--- Exercise aim ---
Please set down the records below exactly as they appear.

(Scraped caption text data)
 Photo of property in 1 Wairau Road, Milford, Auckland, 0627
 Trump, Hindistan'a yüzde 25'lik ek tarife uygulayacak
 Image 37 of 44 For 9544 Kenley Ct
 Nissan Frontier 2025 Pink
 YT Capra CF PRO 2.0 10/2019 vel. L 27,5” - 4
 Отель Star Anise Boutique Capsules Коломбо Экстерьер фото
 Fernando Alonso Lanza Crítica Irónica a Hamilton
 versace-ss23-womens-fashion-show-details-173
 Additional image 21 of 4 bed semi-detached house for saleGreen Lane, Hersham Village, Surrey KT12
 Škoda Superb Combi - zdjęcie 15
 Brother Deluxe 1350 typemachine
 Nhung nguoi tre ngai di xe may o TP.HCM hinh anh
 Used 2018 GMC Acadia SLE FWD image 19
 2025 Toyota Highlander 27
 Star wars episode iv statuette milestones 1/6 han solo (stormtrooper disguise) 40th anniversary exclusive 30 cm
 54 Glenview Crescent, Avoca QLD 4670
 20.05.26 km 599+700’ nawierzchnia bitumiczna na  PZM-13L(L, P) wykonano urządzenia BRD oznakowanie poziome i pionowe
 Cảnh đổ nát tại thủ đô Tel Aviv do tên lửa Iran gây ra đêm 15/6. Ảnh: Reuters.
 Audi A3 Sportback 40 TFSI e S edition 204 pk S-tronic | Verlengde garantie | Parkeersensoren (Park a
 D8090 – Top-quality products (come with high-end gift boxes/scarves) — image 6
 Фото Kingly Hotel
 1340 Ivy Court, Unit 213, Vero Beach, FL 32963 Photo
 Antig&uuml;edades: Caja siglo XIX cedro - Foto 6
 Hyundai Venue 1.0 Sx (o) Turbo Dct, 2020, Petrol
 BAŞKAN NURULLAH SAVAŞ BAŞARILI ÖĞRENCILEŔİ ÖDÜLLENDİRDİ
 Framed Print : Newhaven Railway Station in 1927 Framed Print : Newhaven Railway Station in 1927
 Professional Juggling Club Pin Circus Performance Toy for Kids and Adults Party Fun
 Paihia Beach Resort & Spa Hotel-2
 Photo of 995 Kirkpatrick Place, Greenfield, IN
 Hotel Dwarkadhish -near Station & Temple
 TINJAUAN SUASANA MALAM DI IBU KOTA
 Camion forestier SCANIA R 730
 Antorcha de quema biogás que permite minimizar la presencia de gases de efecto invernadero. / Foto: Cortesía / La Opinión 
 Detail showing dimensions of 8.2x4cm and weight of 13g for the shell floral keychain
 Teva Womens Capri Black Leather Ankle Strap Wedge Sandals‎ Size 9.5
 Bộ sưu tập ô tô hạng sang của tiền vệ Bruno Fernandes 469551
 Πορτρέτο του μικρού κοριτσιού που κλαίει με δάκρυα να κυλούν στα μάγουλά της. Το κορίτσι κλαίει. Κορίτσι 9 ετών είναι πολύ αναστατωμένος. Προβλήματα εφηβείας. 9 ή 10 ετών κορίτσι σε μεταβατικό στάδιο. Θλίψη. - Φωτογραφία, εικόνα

--- Problem solution ---
 Photo of property in 1 Wairau Road, Milford, Auckland, 0627
 Trump, Hindistan'a yüzde 25'lik ek tarife uygulayacak
 Image 37 of 44 For 9544 Kenley Ct
 Nissan Frontier 2025 Pink
 YT Capra CF PRO 2.0 10/2019 vel. L 27,5” - 4
 Отель Star Anise Boutique Capsules Коломбо Экстерьер фото
 Fernando Alonso Lanza Crítica Irónica a Hamilton
 versace-ss23-womens-fashion-show-details-173
 Additional image 21 of 4 bed semi-detached house for saleGreen Lane, Hersham Village, Surrey KT12
 Škoda Superb Combi - zdjęcie 15
 Brother Deluxe 1350 typemachine
 Nhung nguoi tre ngai di xe may o TP.HCM hinh anh
 Used 2018 GMC Acadia SLE FWD image 19
 2025 Toyota Highlander 27
 Star wars episode iv statuette milestones 1/6 han solo (stormtrooper disguise) 40th anniversary exclusive 30 cm
 54 Glenview Crescent, Avoca QLD 4670
 20.05.26 km 599+700’ nawierzchnia bitumiczna na  PZM-13L(L, P) wykonano urządzenia BRD oznakowanie poziome i pionowe
 Cảnh đổ nát tại thủ đô Tel Aviv do tên lửa Iran gây ra đêm 15/6. Ảnh: Reuters.
 Audi A3 Sportback 40 TFSI e S edition 204 pk S-tronic | Verlengde garantie | Parkeersensoren (Park a
 D8090 – Top-quality products (come with high-end gift boxes/scarves) — image 6
 Фото Kingly Hotel
 1340 Ivy Court, Unit 213, Vero Beach, FL 32963 Photo
 Antig&uuml;edades: Caja siglo XIX cedro - Foto 6
 Hyundai Venue 1.0 Sx (o) Turbo Dct, 2020, Petrol
 BAŞKAN NURULLAH SAVAŞ BAŞARILI ÖĞRENCILEŔİ ÖDÜLLENDİRDİ
 Framed Print : Newhaven Railway Station in 1927 Framed Print : Newhaven Railway Station in 1927
 Professional Juggling Club Pin Circus Performance Toy for Kids and Adults Party Fun
 Paihia Beach Resort & Spa Hotel-2
 Photo of 995 Kirkpatrick Place, Greenfield, IN
 Hotel Dwarkadhish -near Station & Temple
 TINJAUAN SUASANA MALAM DI IBU KOTA
 Camion forestier SCANIA R 730
 Antorcha de quema biogás que permite minimizar la presencia de gases de efecto invernadero. / Foto: Cortesía / La Opinión 
 Detail showing dimensions of 8.2x4cm and weight of 13g for the shell floral keychain
 Teva Womens Capri Black Leather Ankle Strap Wedge Sandals‎ Size 9.5
 Bộ sưu tập ô tô hạng sang của tiền vệ Bruno Fernandes 469551
 Πορτρέτο του μικρού κοριτσιού που κλαίει με δάκρυα να κυλούν στα μάγουλά της. Το κορίτσι κλαίει. Κορίτσι 9 ετών είναι πολύ αναστατωμένος. Προβλήματα εφηβείας. 9 ή 10 ετών κορίτσι σε μεταβατικό στάδιο. Θλίψη. - Φωτογραφία, εικόνα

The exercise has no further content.